By The Rev. Bernard W. Poppe, Rector
I wanted to talk about the parable of the sower and the seeds, but a phrase in the Old Testament lesson nagged at me too much and wouldn't let me concentrate. Perhaps the same phrase jumped out at you? It's the phrase when Esau comes in from the field and he's hungry and says to Jacob, "Let me eat some of that red stuff...."
Now, I like to cook and God knows that description could also be used with some of my dishes. Still, it irks me to see it here. One wonders what was on the mind of the translators who came up with this "red stuff." Earlier translations used the words "stew" or "pottage." Both of these are noble and hearty words to describe the food Jacob was eating and presumably taunting Esau with. "Red stuff" seems to lack the dignity one expects in Biblical readings.
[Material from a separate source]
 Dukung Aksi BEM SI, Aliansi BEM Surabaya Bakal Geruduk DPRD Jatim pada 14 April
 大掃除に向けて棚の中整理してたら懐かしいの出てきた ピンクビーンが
I am tremendously impressed that the layreader read this lesson without so much as a smirk. Not only would that reaction have been appropriate but the well aimed "hurrumph" would also be fitting. So a big Bronx cheer to the translators of this passage.
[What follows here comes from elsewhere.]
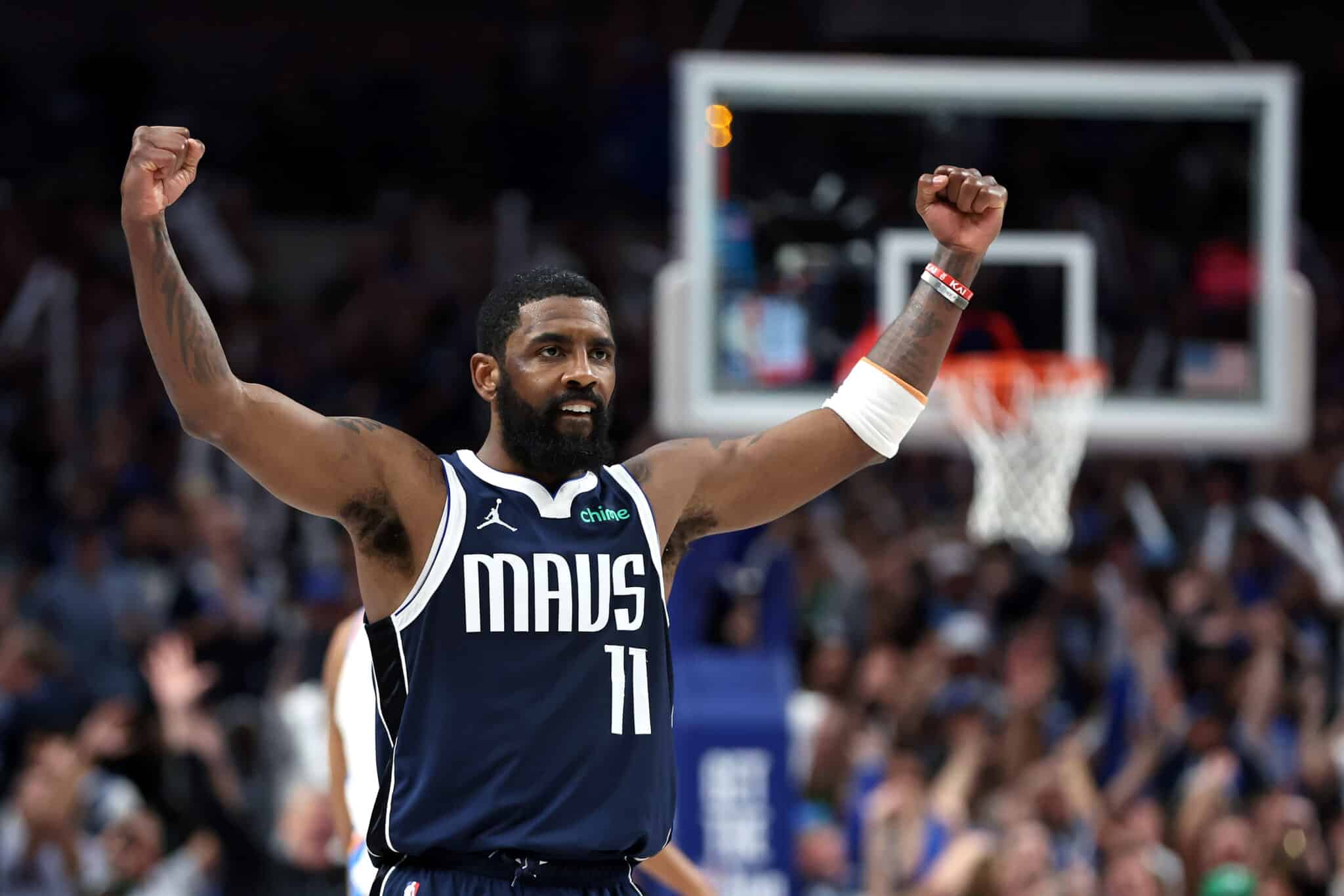 Kyrie Irving em jogo pelo Dallas Mavs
Having said all that, and getting that out of my system, a word about word play might give some instruction. You see, not only is the translator guilty of dubious humor, the original writer is too. The writer goes out of his or her way to describe Esau as a red, hairy man. The word "esau" means "hairy" in Hebrew. So this means that Isaac and Rebecca named their hairy little baby, "Hairy." (And not the kind that met Sally, either!) Well, little baby Hairy was followed closely in birth by his twin brother. We're told the twin had grabbed hold of Hairy's heel on the way out, and perhaps used this method to ease the passage. I must admit that my understanding of childbirth was stretched by this image in and information. I never thought there was so much room for this sort of gynecological gymnastic.
Never the less, Isaac and Rebecca having demonstrated an uncanny wit for naming babies, named the second boy "heel grabber" or in English, Jacob. I'm beginning to feel a certain generosity of forgiveness for the translator who came up with "red stuff," given the act he's had to follow. Oh, but we're not done with the clever word play yet. You see Esau had a nickname. He was also called "Edom." Edom means "red." So both his red hair and the red stuff for which he traded his birthright earned him this clever nickname. No doubt when the enormity of his mistake was discovered, he was probably also very red faced.
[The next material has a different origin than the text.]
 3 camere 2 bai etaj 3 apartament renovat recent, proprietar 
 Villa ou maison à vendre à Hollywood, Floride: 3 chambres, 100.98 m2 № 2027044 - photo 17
Esau apparently did not inherit the cleverness of Isaac, Rebecca or share in the calculating and effective deceitfulness of his brother Heel Grabber, uh, Jacob. It would seem that Jacob was to grab much more than his brother's heel during their lives. Esau was the first born and therefore entitled to the inheritance. Despite what we might think of the fairness of that system, that's what it was. But by the time they were grown, Jacob had tricked Esau out of all of it.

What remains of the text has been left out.